The problem is on two larges user.mailbox the first one with a
/xapian-index/user/firstuser/*.glass and the second without (not indexes
already), on those two mailbox I make a search from thunderbird and don't
see any difference about the delay of the answer.
just to be very clear, I select the option in thunderbird to make the
search on server.

I also try those search throught a webmail (SOGO4), to be absolutly sure
it's not a search on the client.

Regards

--
Albert SHIH
DIO bâtiment 15
Observatoire de Paris
xmpp: ***@obspm.fr
Heure local/Local time:
Fri May 4 14:52:13 CEST 2018
Robert Stepanek
2018-05-05 14:01:31 UTC
Permalink
Hi,
Post by Albert Shih
Is they are any way to make a test to know if xapian work or not ?
Cyrus comes with two binaries that will tell you its build and runtime configuration:

E.g. running

$ /usr/cyrus/sbin/cyr_buildinfo

on my development server yields a JSON-formatted output about Cyrus build config. Look for something like

"search": {
"squat": true,
"xapian": true,
"xapian_flavor": "cyruslibs"
},

to check if Xapian is enabled in the build (presumably, yes, since you have *.glass databases in your directories).

Next, cyr_info will tell you, if xapian got enabled indeed at runtime:

$ /usr/cyrus/sbin/cyr_info -C <your-config-dir>/imapd.conf conf-all | grep search

should yield something like

[...]
search_engine: xapian

Next, make sure that the IMAP commands submitted by your clients are using SEARCH FUZZY. You might want to inspect the IMAP telemetry to check this.

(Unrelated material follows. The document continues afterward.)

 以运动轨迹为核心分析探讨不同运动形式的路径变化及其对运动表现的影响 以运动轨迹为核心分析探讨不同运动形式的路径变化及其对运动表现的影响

If all these checks passed, there shouldn't be any reason why Cyrus should not use Xapian during search. One might want to enable verbose logging for search then, but unfortunately, that's currently not a runtime-option.

Cheers,
Robert
Albert Shih
2018-05-09 07:45:20 UTC
Permalink
Le 05/05/2018 à 16:01:31+0200, Robert Stepanek a écrit
Hi,
Post by Robert Stepanek
Post by Albert Shih
Is they are any way to make a test to know if xapian work or not ?
Cyrus comes with two binaries that will tell you its build and
E.g. running
$ /usr/cyrus/sbin/cyr_buildinfo
on my development server yields a JSON-formatted output about Cyrus
build config. Look for something like
"search": {
"squat": true, "xapian": true, "xapian_flavor": "cyruslibs"
},
So I get

"search": {
"squat": true,
"sphinx": false,
"xapian": true,
"xapian_flavor": "vanilla"
},

I don't know if vanilla are a correct value of xapian_flavor, I would say
yes because vanilla are ... a flavor...and a flavor of xapian.
Post by Robert Stepanek
to check if Xapian is enabled in the build (presumably, yes, since
you have *.glass databases in your directories).
Next, cyr_info will tell you, if xapian got enabled indeed at
$ /usr/cyrus/sbin/cyr_info -C <your-config-dir>/imapd.conf conf-all | grep search
should yield something like
[...] search_engine: xapian
I got that too

search_batchsize: 8192
search_engine: xapian
search_index_headers: no
Post by Robert Stepanek
Next, make sure that the IMAP commands submitted by your clients
are using SEARCH FUZZY. You might want to inspect the IMAP telemetry
to check this.
I will check that.
Post by Robert Stepanek
If all these checks passed, there shouldn't be any reason why Cyrus
should not use Xapian during search. One might want to enable verbose
logging for search then, but unfortunately, that's currently not
a runtime-option.
Ok.

Just one question, are the xapian handle all search ? Including body search ?

Thanks a lot

Regards

JAS
--
Albert SHIH
DIO bâtiment 15
Observatoire de Paris
xmpp: ***@obspm.fr
Heure local/Local time:
Wed May 9 09:32:58 CEST 2018
Robert Stepanek
2018-05-09 07:53:23 UTC
Permalink
Hi,
Post by Albert Shih
So I get
"search": {
"squat": true,
"sphinx": false,
"xapian": true,
"xapian_flavor": "vanilla"
},
I don't know if vanilla are a correct value of xapian_flavor, I would say
yes because vanilla are ... a flavor...and a flavor of xapian.
That's OK. It means that you are using the upstream version of Xapian, rather than the Xapian fork of the Cyrus project. You are missing out on a few features that didn't get pulled into the upstream release, yet: namely improved Chinese/Japanese search, and improved snippet generation. Both are optional.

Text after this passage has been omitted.